Design performant schema for formerly-Firebase data #55344

snickell · 2023-12-08T04:50:53Z

Part of the firebase deprecation project: #55084

We have approximately 4 billion records currently in Firebase (by record we mean one row in a student project dataset), spread across millions of student data tables (contained in millions of applab projects).

Now that we have full data imports going (#55189) we can start performance testing possible schemas to store this data in MySQL.
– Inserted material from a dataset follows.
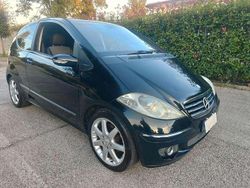Nero Usata 2005 Mercedes A150 Avantgarde Tre volumi | 1199 € (Super prezzo)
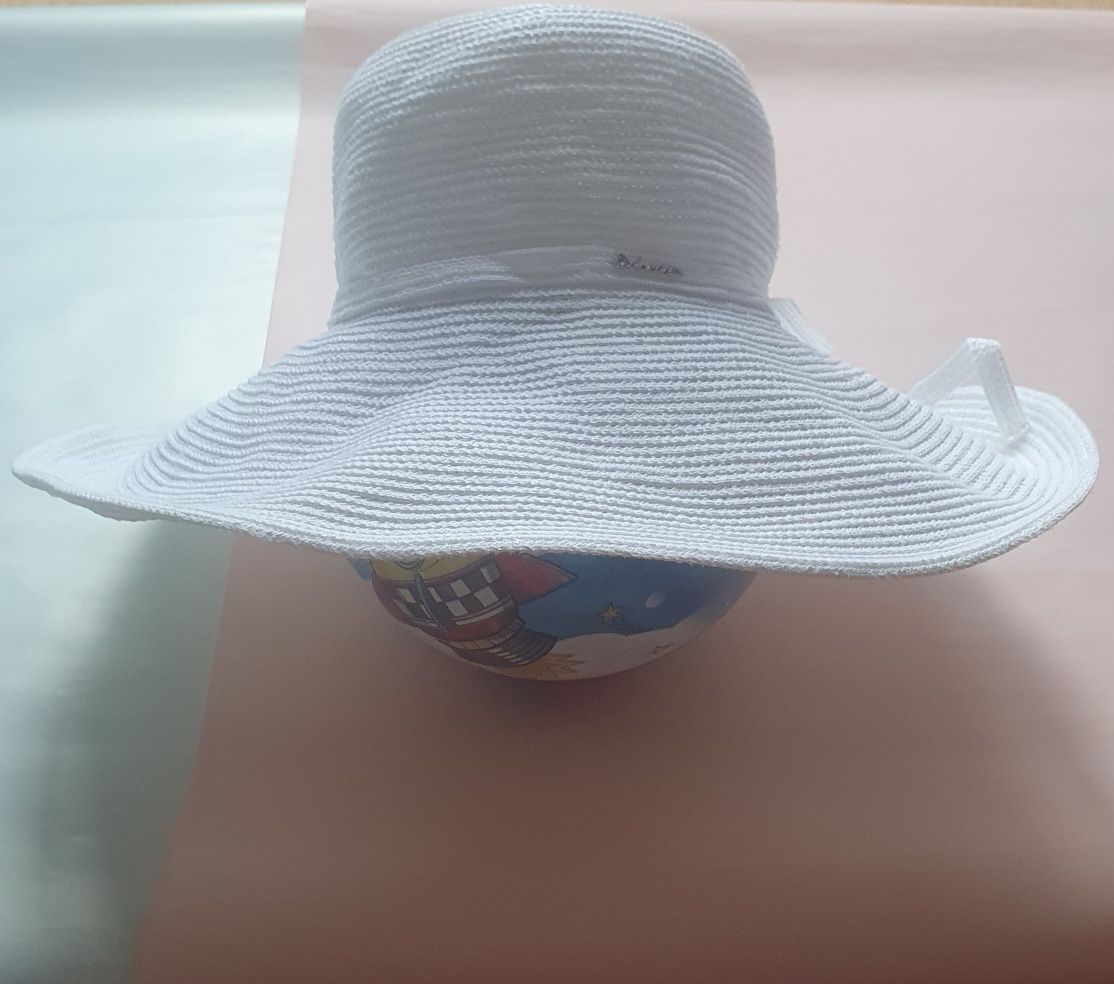 Шляпа Капелюх жіночий Об,єм 55 см Ширина 48 см Стан нового!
Store each student-channel (=student project) in a mysql row
Store each student-table (multiple tables per channel) in a JSON mysql row
Store each student-table in a TEXT mysql row?
Store each student-record (multiple records per table) in a TEXT mysql row

snickell · 2023-12-08T10:06:23Z

Basic SELECT statements on the record-per-row table unfirebase.records show excellent performance:

I believe (?) this is only half the total rows (and includes stock table data), but should be generally representative:

Indices are on a composite PK (channel_id, table_name, record_id) as well as on (channel_id), and take about 20% of storage space. Queries that use channel_id= take approximately 0.25s over 1.2 billion rows.

snickell · 2023-12-12T04:59:35Z

Row-per-record schema with table dedupe seems to give favorable query performance (of the queries we see in apps/src/storage/firebaseStorage.js) and reasonable storage

Uses row-per-record for table schema
Dedupes whole tables, and can even dedupe tables when running in KIND_OF_ROW=Record. Reduces total DB byte size to 1/5th of before.
Stores records as the MySQL JSON column type. I find this re-assuring because it means 100% of the individual records have passed MySQL's json validation.... ="our data is probably imported correctly 😅"
Only takes mysql 370GB on-disk for the DB.... including totally working perf-wise indices!
Schema shows good performance: fetching a full table of records takes ~0.25s (=readRecord block), individual record inserts are 0.14s (=createRecord block), individual record updates are also 0.14s (=updateRecord block).

Storing records as a JSON column gives us validity confidence. It turns out that MySQL parses JSON using RapidJSON, the same parser we are using. As a result, we were able to pre-parse each record (slows importing, but worth it) before sending the bulk dumps to MySQL, and drop rows/records that don't parse.

JSON validation resulted in dropping only 450 out of 600 million (deduped) records. All seemed like attempts to do exotic/fun things with Unicode, and all but two records appeared to be from chat apps. The two other records appeared to be entries in a high score table for a game. Note that when validation fails, we're not dropping the entire table, just exact records that don't validate.

snickell · 2023-12-12T05:01:10Z

Deduplication leaves us with an additional requirement for the schema: a way to indicate that a table is a "pointer" to a stock table.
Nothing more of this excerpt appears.